Once again, a bite is a bite. The animal intended to do damage, and it is likely to do so again.



JasonL said:


> Personally, I'd just suck it up and live with it, some dogs bite, nothing new about that. I would of (before or soon after getting the job) sought information about what action the company you work for does in such a situation as far as payment and health care go, but as a dog washer you are working with animals with big mouths, sharp teeth and primative minds...you have to expect to be bitten from time to time..... yes yes yes, the owner should not have got the dog washed if it was an edgy dog, but dobbing him into the council isn't the way to go imo, as there is a good chance the dog will face the needle... If someone lets their aggressive dog wander the streets or out the front of their house, yes, report them, but accidents will happen from time to time, and just because a dog may bite, still dosn't make it dangerous, as any dog can bite. Did you ask the owner about the dogs temperment before going near it? I would of.

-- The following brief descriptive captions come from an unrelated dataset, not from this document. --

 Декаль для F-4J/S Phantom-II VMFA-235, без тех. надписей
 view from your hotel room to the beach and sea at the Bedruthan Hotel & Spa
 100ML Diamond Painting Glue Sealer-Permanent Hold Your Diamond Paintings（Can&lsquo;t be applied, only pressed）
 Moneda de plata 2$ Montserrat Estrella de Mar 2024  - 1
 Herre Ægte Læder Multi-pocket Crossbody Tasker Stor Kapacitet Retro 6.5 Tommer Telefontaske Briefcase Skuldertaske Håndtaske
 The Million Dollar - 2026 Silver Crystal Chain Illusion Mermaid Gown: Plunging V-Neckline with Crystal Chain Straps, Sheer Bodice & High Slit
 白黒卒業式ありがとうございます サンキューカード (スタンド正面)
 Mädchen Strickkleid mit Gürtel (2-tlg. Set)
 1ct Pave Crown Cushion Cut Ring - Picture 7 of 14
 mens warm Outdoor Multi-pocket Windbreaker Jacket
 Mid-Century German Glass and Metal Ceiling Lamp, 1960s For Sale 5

Of course any dog can bite. Doesn't mean they should! The owner has a responsibility to inform ANYBODY who interacts with this dangerous dog that it is edgy and may bite. 



JasonL said:


> Have you spoken about reporting the dog to your boss??? you may want to before you do it, as repercussions may come back onto the company and you may find yourself out of work....just a thought.


How exactly will repercussions come back onto the company when clearly the owner of the dog is at fault?



dragozz said:


> SERIOUSLY, get a new job. You are obviously delusional if you think every dog will come to you for a biscuit. Get a reality check. You should not be working with dogs at all IMO. It just looks like you are trying to blame the dog for what happened and not yourself for not taking precautions.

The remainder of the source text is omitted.